Diego tiene una intencionalidad, desde que lo conozco, hace unos años, cuando se publicó su primer libro Grises, verdes, de discutir sobre el campo literario a partir de lo que escribe. Es decir, armar un artefacto estético que desde sus propios resultados escanee el folclore de la narrativa contemporánea inmediata.

Hay tres premisas que los narradores de su generación, en su mayoría, tienen como caballito de batalla: el tic generacional, es decir, el intento de generar empatía rápidamente con el lector a partir de experiencias y recuerdos en común (sobre todo los de la infancia); el chiste fácil, descontracturado, que deja a los relatos en la superficie, a un click de mouse del olvido, y la preocupación por dominar todo lo que ocurre en las escenas, de modo de poder llegar a un final bien escrito sin sobresaltos. Estas tres premisas están ausentes en Hadrones.

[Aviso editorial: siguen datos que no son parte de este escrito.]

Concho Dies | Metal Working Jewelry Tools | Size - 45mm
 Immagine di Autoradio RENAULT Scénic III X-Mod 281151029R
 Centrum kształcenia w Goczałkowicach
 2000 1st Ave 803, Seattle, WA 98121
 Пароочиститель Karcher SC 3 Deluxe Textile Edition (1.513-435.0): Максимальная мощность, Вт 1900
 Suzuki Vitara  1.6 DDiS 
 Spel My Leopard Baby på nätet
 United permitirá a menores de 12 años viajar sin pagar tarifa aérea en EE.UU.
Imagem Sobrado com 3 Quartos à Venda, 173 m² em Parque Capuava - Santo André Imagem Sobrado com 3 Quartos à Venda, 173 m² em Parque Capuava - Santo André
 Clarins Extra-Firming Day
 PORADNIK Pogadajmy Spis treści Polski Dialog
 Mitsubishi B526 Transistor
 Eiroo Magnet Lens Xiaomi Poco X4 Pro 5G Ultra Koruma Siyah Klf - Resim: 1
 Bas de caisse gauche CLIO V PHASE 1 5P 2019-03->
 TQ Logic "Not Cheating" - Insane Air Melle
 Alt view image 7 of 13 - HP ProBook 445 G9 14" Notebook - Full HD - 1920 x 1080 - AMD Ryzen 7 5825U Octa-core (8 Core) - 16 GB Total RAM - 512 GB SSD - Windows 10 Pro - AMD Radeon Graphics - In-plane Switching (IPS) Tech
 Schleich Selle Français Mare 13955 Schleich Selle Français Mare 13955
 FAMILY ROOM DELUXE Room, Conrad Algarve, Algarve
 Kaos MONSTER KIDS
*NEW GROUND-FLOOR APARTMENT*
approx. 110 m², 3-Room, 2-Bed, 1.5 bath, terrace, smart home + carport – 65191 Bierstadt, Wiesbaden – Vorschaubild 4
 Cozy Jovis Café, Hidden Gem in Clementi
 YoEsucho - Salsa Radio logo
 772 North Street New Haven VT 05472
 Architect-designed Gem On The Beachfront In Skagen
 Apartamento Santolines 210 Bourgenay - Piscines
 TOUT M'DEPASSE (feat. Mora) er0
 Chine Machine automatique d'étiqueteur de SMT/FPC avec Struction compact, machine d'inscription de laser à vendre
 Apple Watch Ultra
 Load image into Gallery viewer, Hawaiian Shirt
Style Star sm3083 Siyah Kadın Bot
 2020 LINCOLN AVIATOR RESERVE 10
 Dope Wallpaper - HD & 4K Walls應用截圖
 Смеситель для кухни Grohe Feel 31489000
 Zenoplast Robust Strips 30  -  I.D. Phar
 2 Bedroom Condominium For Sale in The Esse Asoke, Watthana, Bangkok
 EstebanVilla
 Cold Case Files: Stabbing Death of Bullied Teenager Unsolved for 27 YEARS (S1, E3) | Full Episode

Hablo, ahora sí, del libro que hoy presentamos, y entre la dedicatoria del autor y el epígrafe, perteneciente a una canción de Adriana Calcanhotto, aparecen las primeras claves de lectura.

El libro está dedicado al miedo y la última línea del epígrafe dice ¿canto para quién?

El miedo es una cosa vasta, infinita: el miedo de Clarín, el miedo de los vecinos ABC1 a la inseguridad, el miedo como reverso del amor que plantea Ricardo Romero en la contratapa, el miedo a la página en blanco de algunos escritores, el miedo de otros escritores a la página escrita. Efectivamente en estos cinco relatos aparece el miedo, no en la clásica forma de misterio o terror, no al futuro, ni al pasado, no un miedo tangible, consistente, ni siquiera en el cuento que titula el libro, en donde lo que reúne a un grupo de gente es, ni más ni menos, que la inminente desaparición del planeta.

Se trata, creo, de un miedo a lo que podemos ser, podemos hacer. En cada uno de los relatos, los personajes están a punto de ser atravesado por una situación de la que no podría regresar jamás.

En la novela Nadie nada nunca de Juan José Saer, se cuenta la experiencia de un bañero que, intentando romper el récord de permanencia en el agua, en pleno río, ve, en los últimos esfuerzos contra la fatiga, los rayos del sol despuntando y reflejándose en toda la masa de agua en movimiento, a la altura de sus ojos. Esa imagen lleva al nadador a la locura, y es lo que luego le permitirá obtener un puesto de bañero en una pequeña playa. Los personajes de Diego Vigna tienen en su comportamiento genético una familia entera de bañeros antes de tirarse al agua. Son relatos en donde los personajes se pueden salir del libreto, llevar al amigo en andas hasta el borde de una terraza y quedar suspendidos un instante, pedirle a la novia que se tire del balcón, dejar a un accidentado con las piernas quebradas y tomarle una foto; dejar, en definitiva, que el pulso y el carácter de los personajes sea el de los relatos, dejar que las historias sigan la necesidad de los personajes, y no al revés.

¿Canto para quién?, dice el epígrafe, aunque no parece ser una pregunta sin respuesta para el autor; más que un interrogante, es un pedido de explicaciones para una generación de escritores produciendo para escritores.

Hace unos días vi en la TV un documental sobre la obra de Cándido López. En particular se hablaba de las maravillosas pinturas que realizó en relación a la guerra de la triple alianza. En esos cuadros, Cándido López desarrolla unas panorámicas desde miradores imposibles cambiando la escala de los seres y objetos, por otra que le permitiera mostrar todo lo que le interesaba sin importar la distancia; una especie de falla óptica alterando la escala hasta cierta naturalización. Explicaban que ese procedimiento ejecutado por el artista se llama “abatimiento del plano”. Qué definición precisa para el procedimiento literario, ahora, de Diego Vigna: abatimiento de las formas para poder relatar la guerra.